Closed spulec closed 10 years ago
Good lord, HHS really did not make this easy.
What if we were to focus this primarily on recent data and data going forward? Do recent reports suffer the same inability to infer accurate dates as those from the 90's?
Yeah, it's pretty messy. I probably should have opened this before going as deep as I went.
It seems that relatively recent reports still suffer. See "Adverse Events in Hospitals: Medicare's Responses to Alleged Serious Events" linked from here. That report was published in October 2011. That was just the first page, but I can probably find more recent.
Sadly, the best option here is probably to use PDF tags. The current pipeline really has no good way to handle this, and validating a report without downloading the full PDF is a very important method in debugging and validating scrapers.
Wild idea: what about a HEAD
request that looks for Last-Modified? Dangerous, but if HHS is consistent about it, we could go with it.
$ curl --head https://oig.hhs.gov/oei/reports/oei-01-08-00590.pdf
HTTP/1.1 200 OK
Content-Length: 1068716
Content-Type: application/pdf
Last-Modified: Fri, 28 Oct 2011 16:19:43 GMT
Accept-Ranges: bytes
ETag: "958f16678d95cc1:29c9"
Server: Microsoft-IIS/6.0
X-Powered-By: ASP.NET
Date: Wed, 02 Jul 2014 02:00:03 GMT
Hmm, that's definitely an interesting idea. I tested about a dozen recent reports and it seemed accurate for all of them (within a few days). It looks like a lot of the old reports were uploaded some time in 2002 so we would either need to exclude those or use the current hack system.
As you mentioned this could obviously be dangerous if a report is updated or replaced with a different copy for some reason.
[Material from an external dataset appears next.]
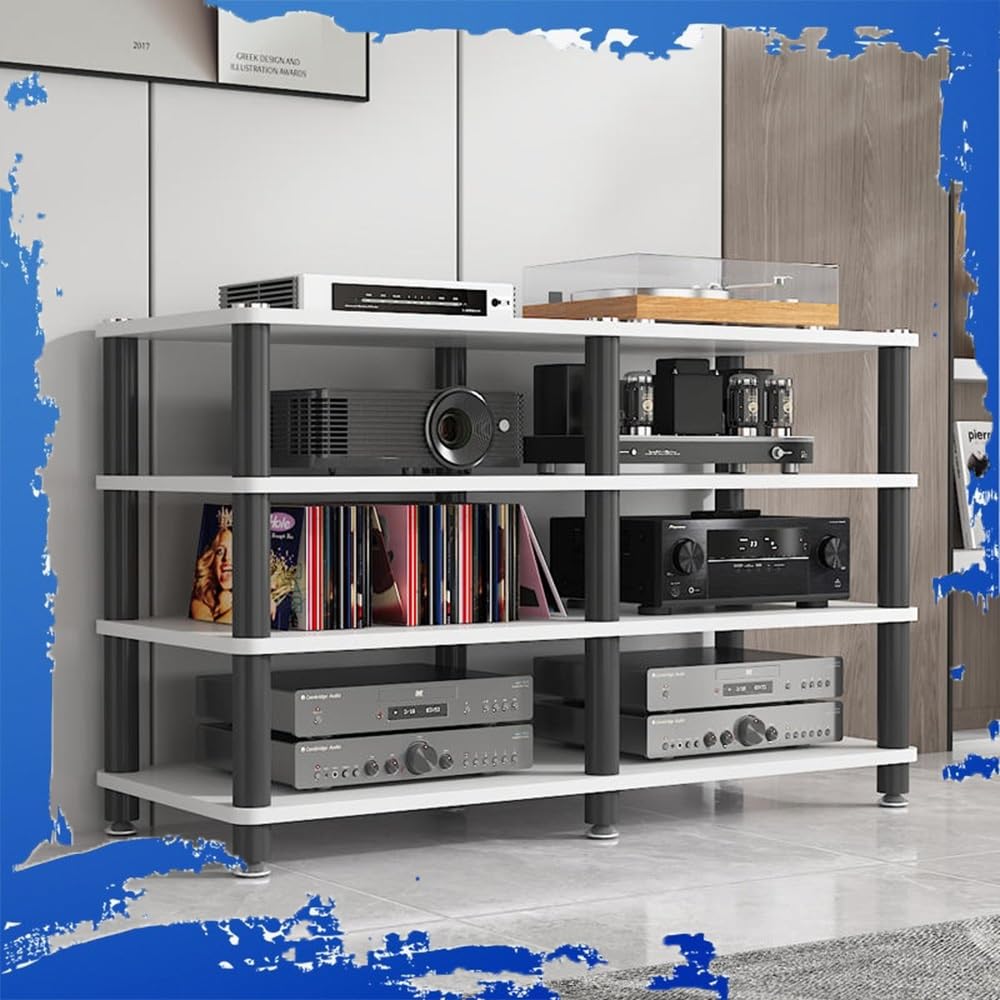 Stojak na audio wideo, 4-poziomowa szafka do przechowywania multimediów, 119 cm, dwurzędowy stojak na nośniki AV, stojak na wzmacniacz HiFi, szafka pod telewizor o dużej pojemności z drewnianą półką,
I actually feel pretty good about it though given my small test. The worst case scenario I can think of is a bunch of old reports suddenly start reappearing with new published dates. This is obviously suboptimal, but I think it would be spotted fairly quickly.
I'd be fine with this method for reports for 2002 onwards, and the current hack system for older ones (at least the hack will be bounded). That worst case, where older reports suddenly appear again, is not really that bad.
And this provides some good fodder to bring up with HHS - If you wouldn't mind adding some comments about all this to the top of the scraper, I'll contact HHS to bring them and our HHS discussions to their attention. Not high hopes, but you never know -- adding dates next to reports is not the heaviest lift in the world.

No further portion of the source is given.